EXERCISE DESCRIPTION
Below are some records. Retype exactly the lines from the one containing "BMW 5 серии 2025 thumb 10" through the one containing "Volkswagen Transporter - Caravelle", both included, skipping every picture.

INPUT DATA
------
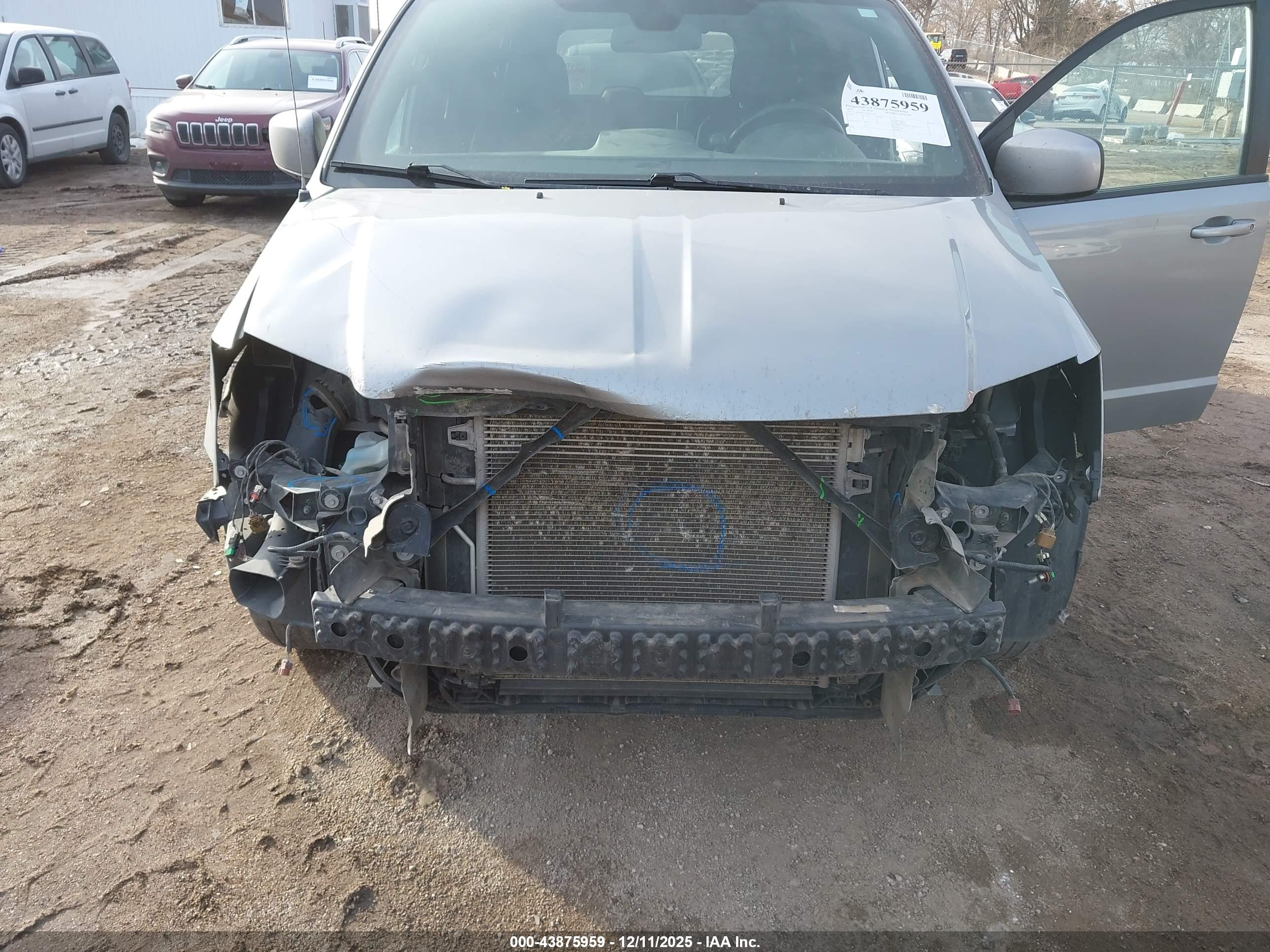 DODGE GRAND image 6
------
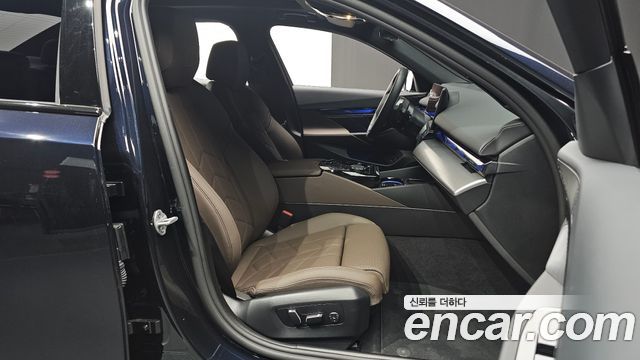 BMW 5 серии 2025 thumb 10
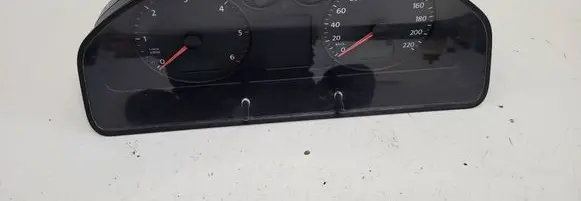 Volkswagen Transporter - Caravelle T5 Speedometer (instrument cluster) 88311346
------
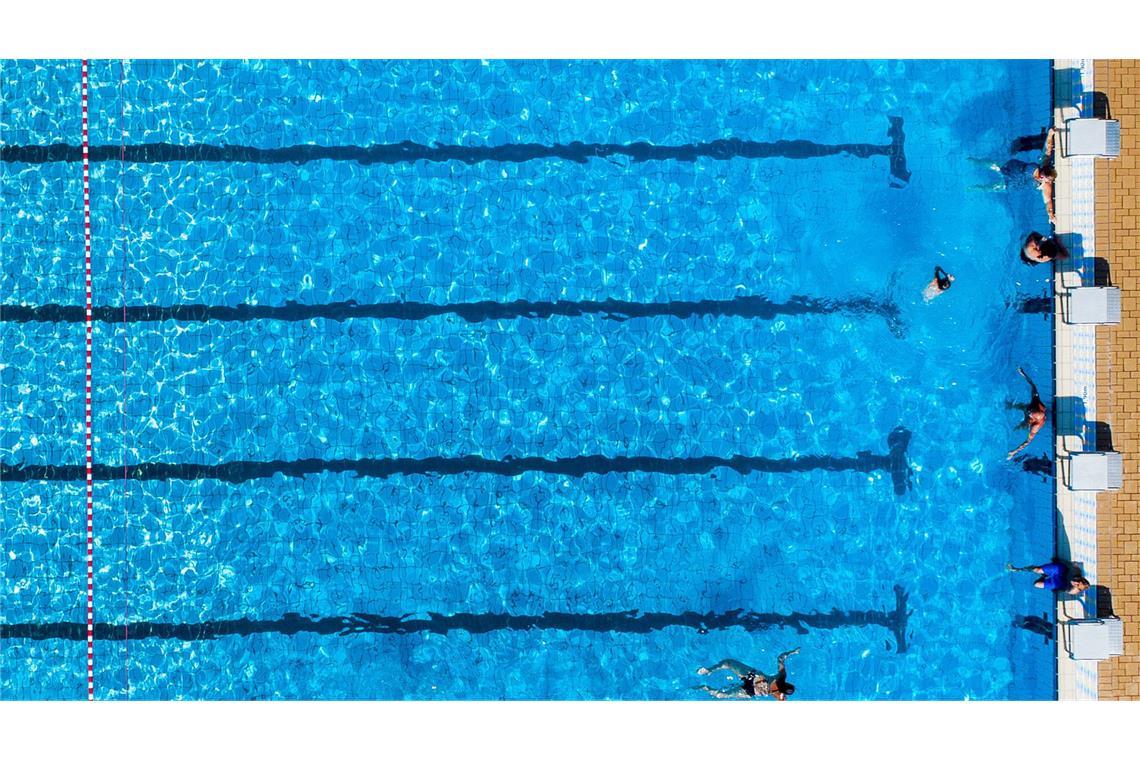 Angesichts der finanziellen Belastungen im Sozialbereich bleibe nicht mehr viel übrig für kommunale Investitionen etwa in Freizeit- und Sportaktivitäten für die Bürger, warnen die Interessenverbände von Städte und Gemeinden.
------
SOLUTION TO THE PROBLEM
 BMW 5 серии 2025 thumb 10
 Volkswagen Transporter - Caravelle T5 Speedometer (instrument cluster) 88311346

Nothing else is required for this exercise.